### DATA SHOWN
Content starts
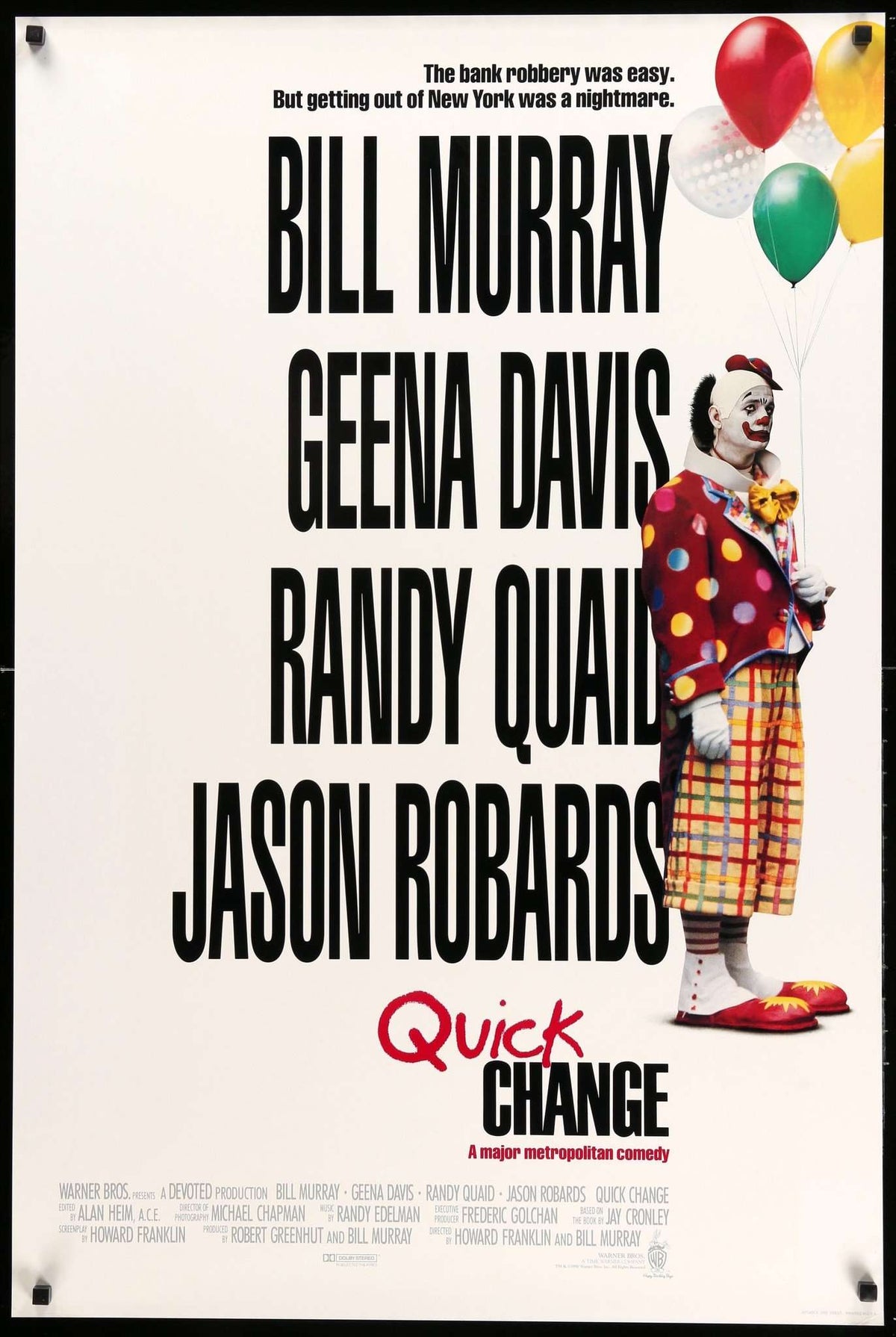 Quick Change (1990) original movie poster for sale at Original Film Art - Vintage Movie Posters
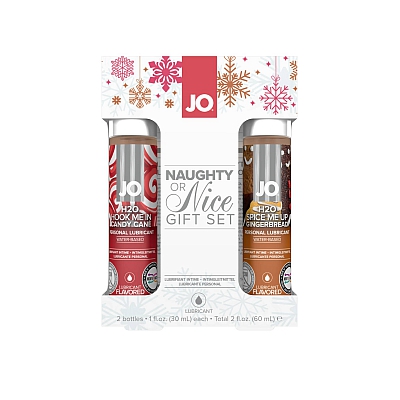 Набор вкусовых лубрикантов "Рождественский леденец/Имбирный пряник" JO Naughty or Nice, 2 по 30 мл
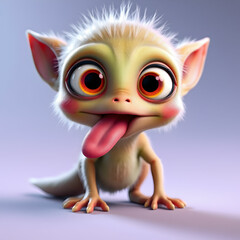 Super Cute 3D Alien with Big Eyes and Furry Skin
Content ends
Without the pictures, write out the whole listing above exactly as it appears.

### FINISHED TASK
 Quick Change (1990) original movie poster for sale at Original Film Art - Vintage Movie Posters
 Набор вкусовых лубрикантов "Рождественский леденец/Имбирный пряник" JO Naughty or Nice, 2 по 30 мл
 Super Cute 3D Alien with Big Eyes and Furry Skin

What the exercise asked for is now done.